Oh I would LOSE it over your poor D5!!! Lose it!!!! Heck, I ripped H a new one when I found out OW had taken my D3 to the bathroom with her kids at the pool! H was scared of me.
You are right though, what CAN you do? I would just see what your lawyer has to say, and of course, document this. Your wife did take a shot in the arm. There is no denying that in the long run, her actions got D5 sick. No denying that.
You call me strong, jar. I learn it from you, I think.
Jar If I were you I would put my foot down big time about her taking your children around OM's kid's while they have this virus thing!! I would threaten the wife that you will use this in court. May not be great Dbing but when kid's are being endangered because the selfish parent is having an affair and out drinking all the time. Whoah boy I would use that in court.
trying... I'd love to, but I'm sure she won't listen. I'm sure there is nothing that can be "legally" done either.
So checked D3 and she has it although VERY mildly. Regardless.. she will need to be treated as well.
I sent W this in a text.
She just called.. she's upset that this is happening, but she said "It's really nobody's fault.. It's treatable, so we'll deal with it."
Unfreakin real. Not sure what else could happen that could lower her stock with me.
I think I'm ready for the next level of DB. I'm going to be in an outstanding mood in all my dealings with her. I'm going to play off her fear of me finding another woman. Nothing dishonest.. just going to keep her guessing. I'm betting that his stock has dropped a little. I know she's not happy with him.
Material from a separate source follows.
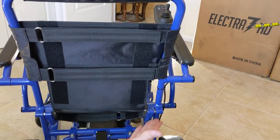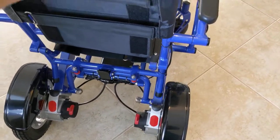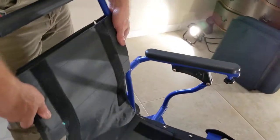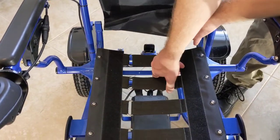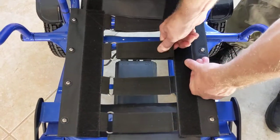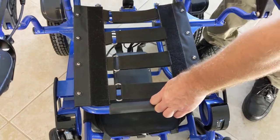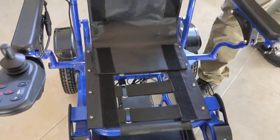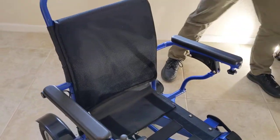This chair is 50 pounds without the batteries and 58 pounds with both batteries in. It is FAA travel approved. To set up the chair, I've made the seat more firm. You can pull the back up higher if you want, and by moving a few different velcro straps, you get a chair with good lumbar support that's nice and firm and ready to operate.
Key question will be.. where will I be at that time. Part of me hopes to work this out (although it would take a TON of hard work), but the other part is more than ready to move on without her.
Atta boy Jar!!! I think thats exactly what you should do. Hell, it worked in my sitch a year ago (although I was truly moving on and not looking back, at least I thought).
How do you know she is not happy with OM?
Hurtin: 32 WAW: 30 D: 8 Bomb: 10/05 Sep: 12/05 Back together 8/07 Bomb (OM): 11/07 Filed for D (me): 12/07
Key question will be.. where will I be at that time. Part of me hopes to work this out (although it would take a TON of hard work), but the other part is more than ready to move on without her.
Check out AmyC's re-posts on page 4 of my current thread.
Nobody's fault.... that one will come crashing down one day.
-------------- The Forlorn Hope:...A picked body of men detached to the front to begin the attack....Fortified, meaning strengthened to stand...and thus, positioned for victory
Like I said.. I'm stepping up my game a bit. I'm going to be in an outstanding mood as much as possible while dealing with her.
I answered the phone in a great mood... W even said "Wow.. you must be in a good mood.." I said "Yes.. Yes I am" She asked why.. I said it was just a good day and handed her off to the D's.